Ghana Ambassador to Norway
- Incumbent
- Assumed office February 2019
- Appointed by: Nana Akufo-Addo
- Preceded by: New

Personal details
- Born: Ghana
- Education: Mfantsiman Girls' Secondary School
- Alma mater: University of Ghana; University of London;
- Occupation: Diplomat, Lawyer

= Jennifer Lartey =

Ghanaian diplomat

Jennifer Lartey is a Ghanaian lawyer and diplomat. She is Ghana's first Ambassador Plenipotentiary and Extraordinary to the Kingdom of Norway.

== Early life and education ==

Jennifer Lartey is a graduate of the University of Ghana. Prior to her tertiary education, she attended Mfanstiman Girls Secondary School where she completed her senior high school education. She also holds a Master’s Degree in Business Administration (MBA) from the University of Ghana and an LLB from the University of London.

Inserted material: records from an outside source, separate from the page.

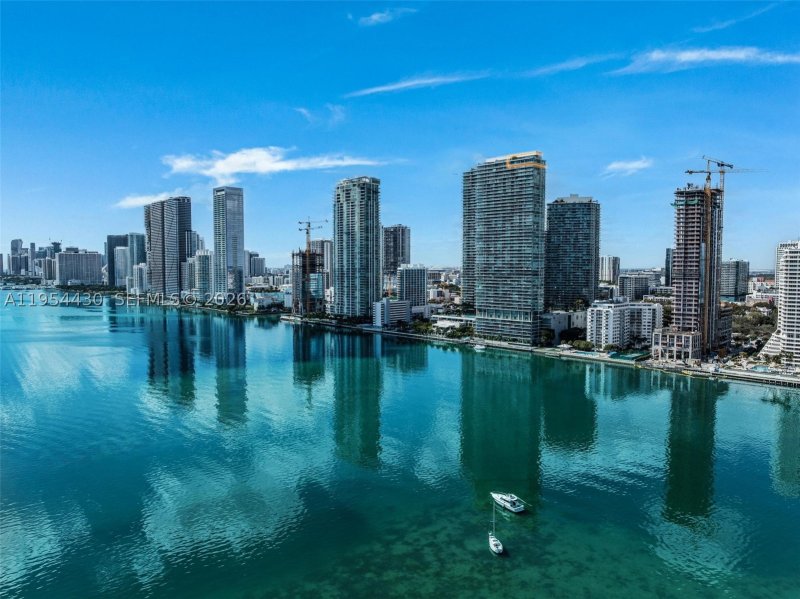 Comprar apartamento en One Paraiso UPH5303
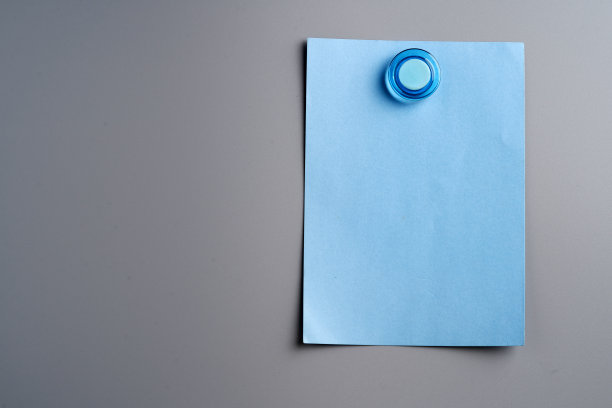 磁性板和蓝色空白便条图片下载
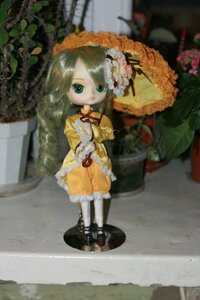 Rating: Safe Score: 0 Tags: 1girl blurry blurry_foreground depth_of_field doll dress flower frills green_eyes green_hair kanaria long_hair long_sleeves pantyhose photo photo_background shoes sitting solo standing white_legwear yellow_dress User: admin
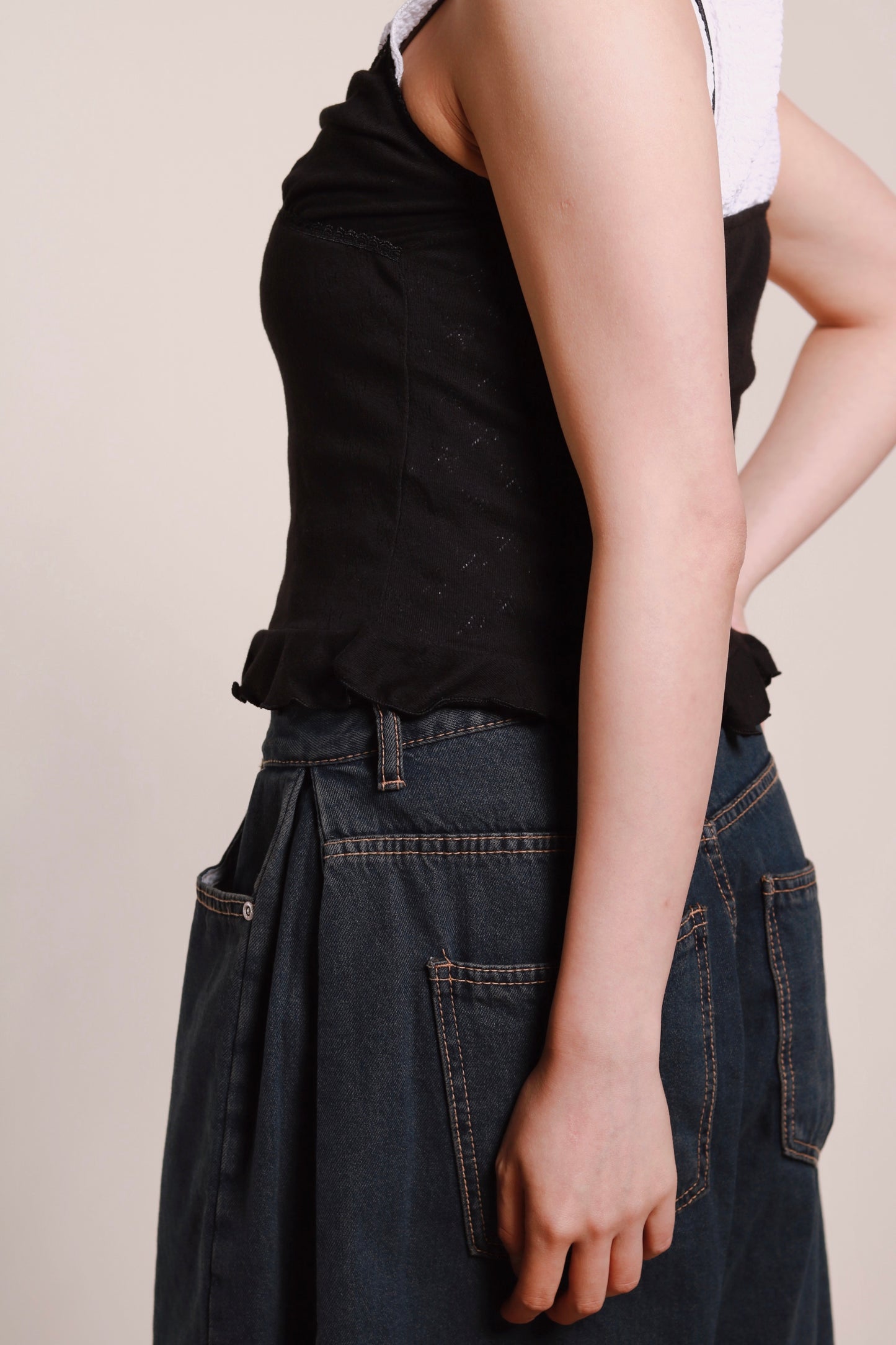 Ruffle Ribbon Sleeveless Top (Black)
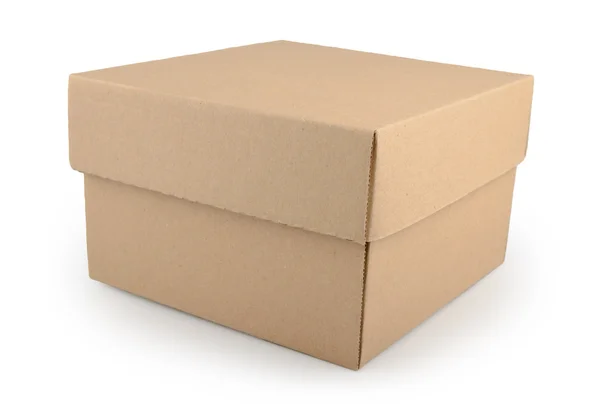 Kartonnen doos geïsoleerd op witte achtergrond — Stockfoto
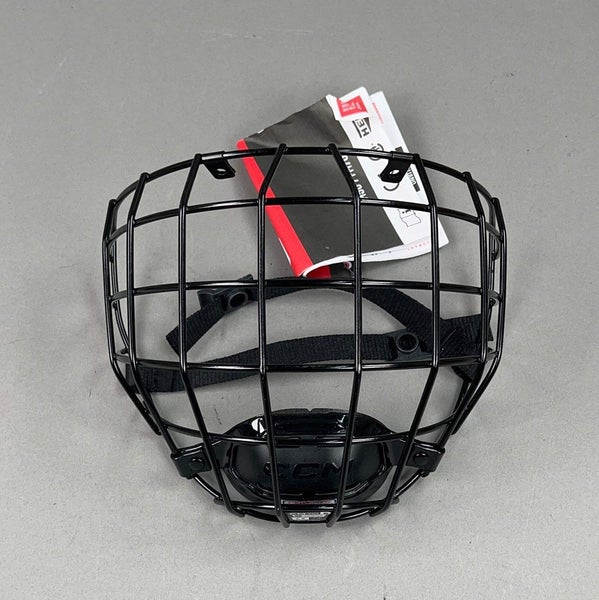 CCM FM70 S Senior Small Hockey Cage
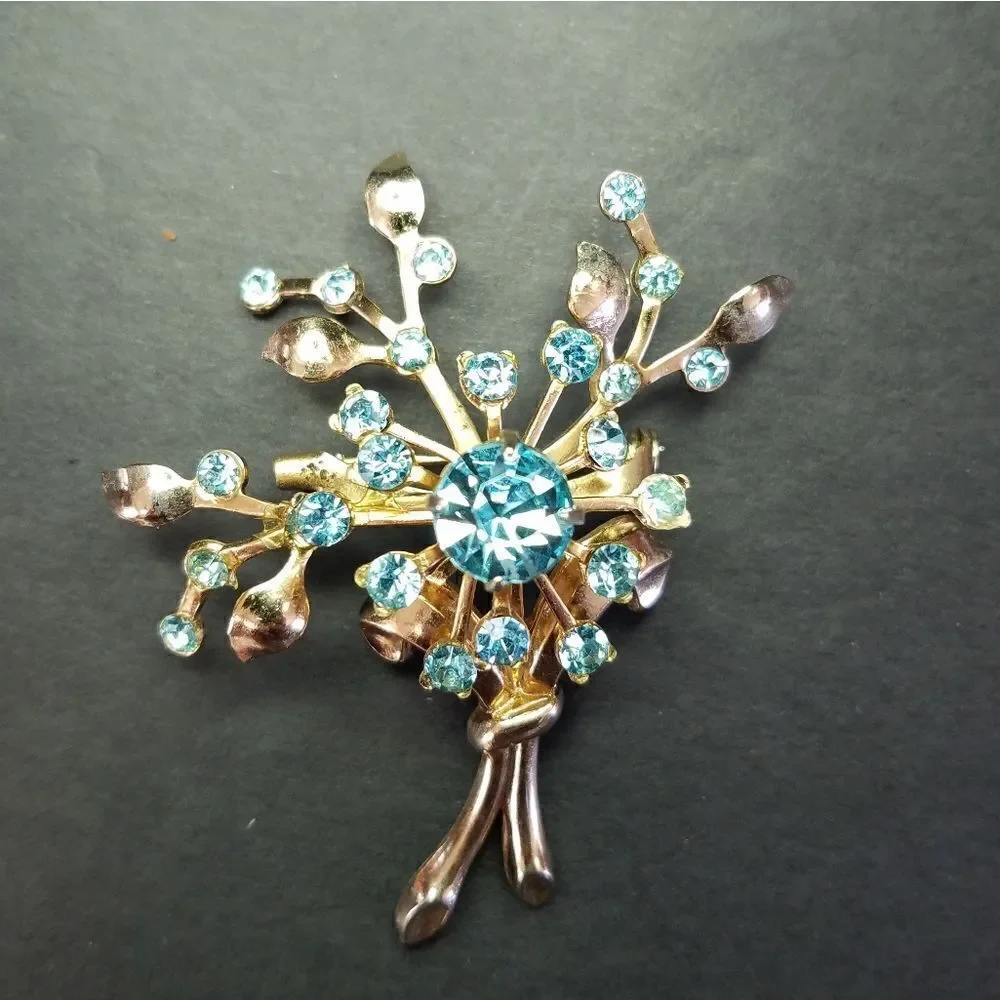 Vintage Signed Coro Pastel Blue Rhinestone Floral Bouquet Gold Tone Brooch Pin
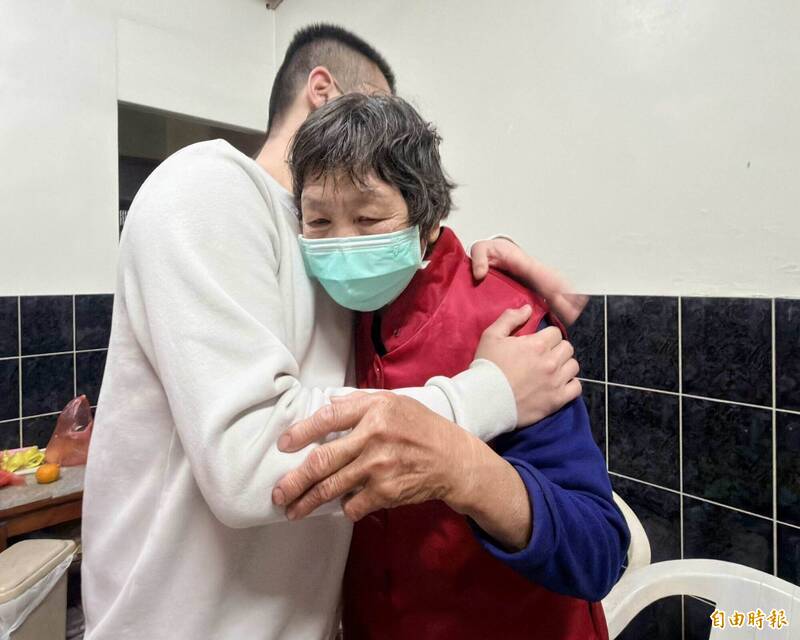 黃男與阿嬤激動相擁。（記者湯世名攝）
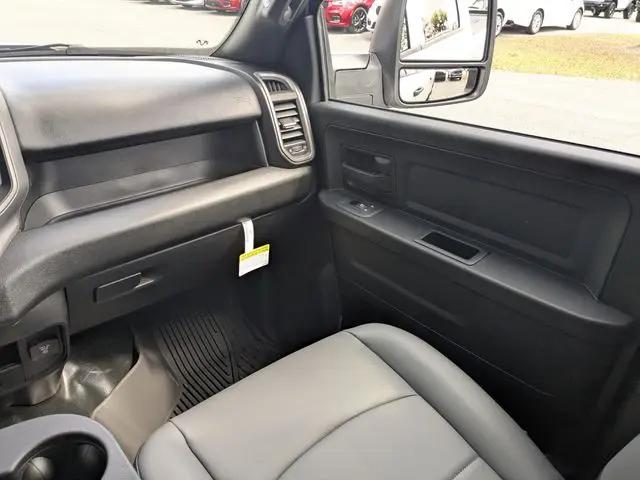 2026 Ram 2500 Tradesman Crew Cab 4x4 64 Box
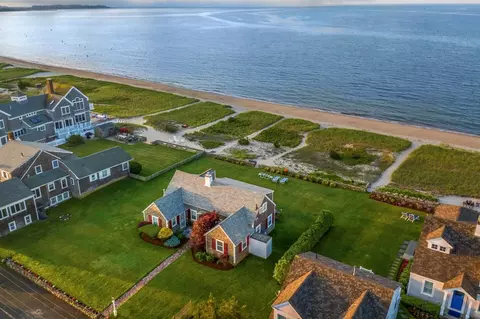103 Long Beach Rd, Barnstable, MA 02632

== Ambassadorial appointment ==
In February 2019, President Nana Akuffo-Addo named Jennifer Lartey as Ghana's first Ambassador to Norway. She was one of two distinguished Ghanaians who were named to head different diplomatic Ghanaian mission in the world.

== Personal life ==
Jennifer Lartey is married to Steve Lartey, a Ghanaian businessman who was previously an executive at one of Ghana's first financial firms. Together, they have three children. She also has a grandson.